Klozetin üzerinden öpücük gönderenlerle işimiz olmaz
Bizim, hayatımızda var mı yok mu belli olmayan, ne istediğini ne aradığını bilmeyen, bizden vazgeçmeyen ama yanımızda da durmayan adamlara ihtiyacımız yok.
Bu adamların gönderdiği birkaç kelimeyi aşmayan ve hiçbir derinliği olmayan mesajları, olduğu yerden attığı iki fotoğrafı, ağzında kalp olan sarı suratları alıp ne yapalım?
Canı sıkılınca aradı diye sevinelim mi? Kışın yalnızlığı teslim alınca özlediğini söyledi diye kalbimiz pırpır atsın mı?
İlgisizliğine bahaneler mi geliştirelim? “Olsun, şu ara kafası karışık, üzerine gitmemek lazım” mı diyelim? “Düzelir” diye beklemeye mi koyulalım?
Bir kadın bir erkeği ne kadar bekler? Mesaj yazacak diye kaç saat? Arayacak diye kaç gün? Muhabbetleri artacak diye kaç ay? Evlenecek diye kaç yıl? Bir erkeği beklemeyi alışkanlık haline getiren kadın, hayatı boyunca kaç erkeği bekler? Bir kadının hayatı kaç erkeği beklerken geçip gider?
Bizler işi gücü olan, hayatını kazanan, eli yüzü düzgün, belki bunun ötesinde, kendine bakan kadınlarız. Tam tersi olsak ne olur ki? Bizim, bizi ergen emolojileriyle idare eden adamlara ihtiyacımız yok. Üç beş tane kalple, öpücük atan sarı kafayla mutlu olmaya çalışmak kendimize haksızlık değil mi?
Bütün bunlar çizgiyi en başta çekmememizden, aramızdaki sınırı onun belirlemesine izin vermemizdendir. “Buluşuruz ama şu gün şu saat, arkadaşlarla çıkacağız da...” “Seni ararım ama şimdi içimden gelmiyor? Ne zaman mı ararım? Bilmiyorum ki?” “Bizimle ilgili ne mi düşünüyorum? Valla hiçbir şey düşünecek halim yok.”
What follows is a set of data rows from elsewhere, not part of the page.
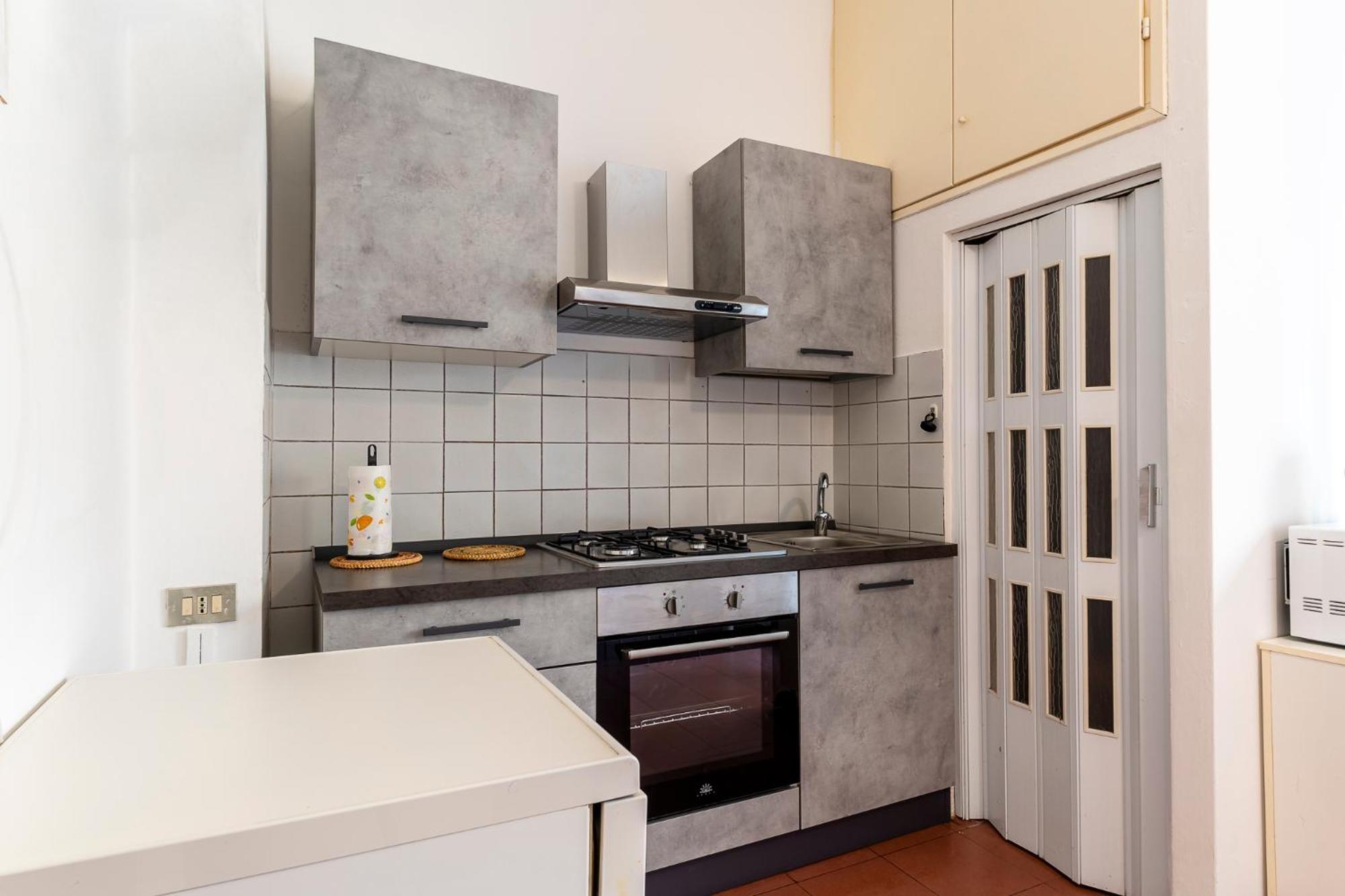 Marradi Apartment With Balcony Livorno Ngoại thất bức ảnh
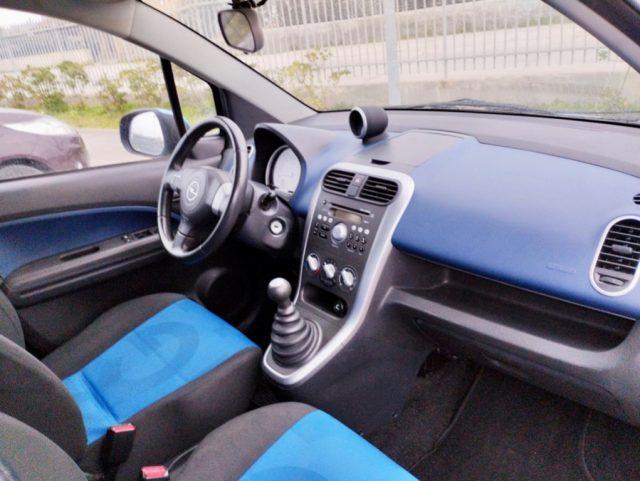 OPEL Agila 1.2 16V 86CV Enjoy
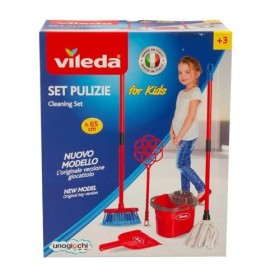 VILEDA Set de Nettoyage, VLE01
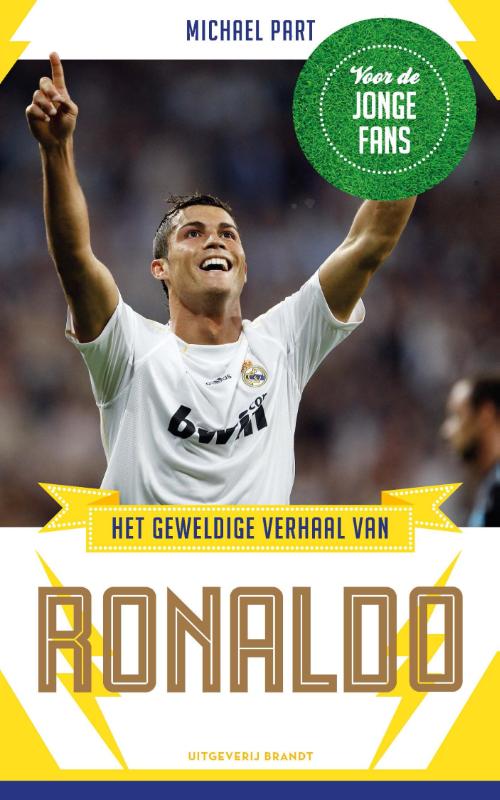 Omslag van Ronaldo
Bu adamlara bu lafları ettiği ilk kadın dese ki, “Öyle mi, sen çık o zaman arkadaşlarla, bana uymadı senin programın”, ya da dese ki “Zaten arasan da artık içimden telefonu açmak gelmez hadi bay bay”, ya da dese ki “Valla bir Nietzsche olmanı beklemiyorum, ama düşünmeyen adamdan da hiç hazzetmiyorum” her şey bambaşka olacak.
Jeton o zaman düşecek. Bakacak, bu halini ilk kadın kabul etmedi, ikincisi, üçüncüsü beşincisi de etmiyor. Anlayacak ki arkadaşlarıyla çıka çıka sapa dönüşecek, koynunda kıvrılacağı bir kadını olmayacak. Hayatında öyle ya da böyle yer açtığı kadını aramaya aramaya aranmayacak, kadınlar onu sevmeyecek. Bir ilişkiye başlayıp nereye gittiğini bilmeden, düşünmek de istemeden yol alamayacağını, yolda kalacağını, üstelik yalnız kalacağını anlayacak.
Bizler yetişkin, ne istediğini bilen –değer verdiğimiz ve değer gördüğümüz, sevdiğimiz ve sevildiğimiz bir ilişki–, kendi hayatlarında neredeyse oraya gelmek için emek vermiş kadınlarız. Hayatta bizim istediklerimizi isteyen erkekler olduğunu biliyoruz. İhtiyacımız olan, kafamızı cep telefonumuzdan, düştüğümüz gereksiz adamlar kuyusundan kaldırarak etrafımıza bakmak, bu erkeklerle karşılaşmak için acele etmemek, biraz sakinleşip beklemeyi bilmek. Kuyruğu dik tutmak değil dik durmak, mutluluğu kendine faydası olmayan adamlardan ummak değil, içimizde üretmek.
Klozetin üzerinde cepten öpücük gönderen adamlarla işimiz olmaz.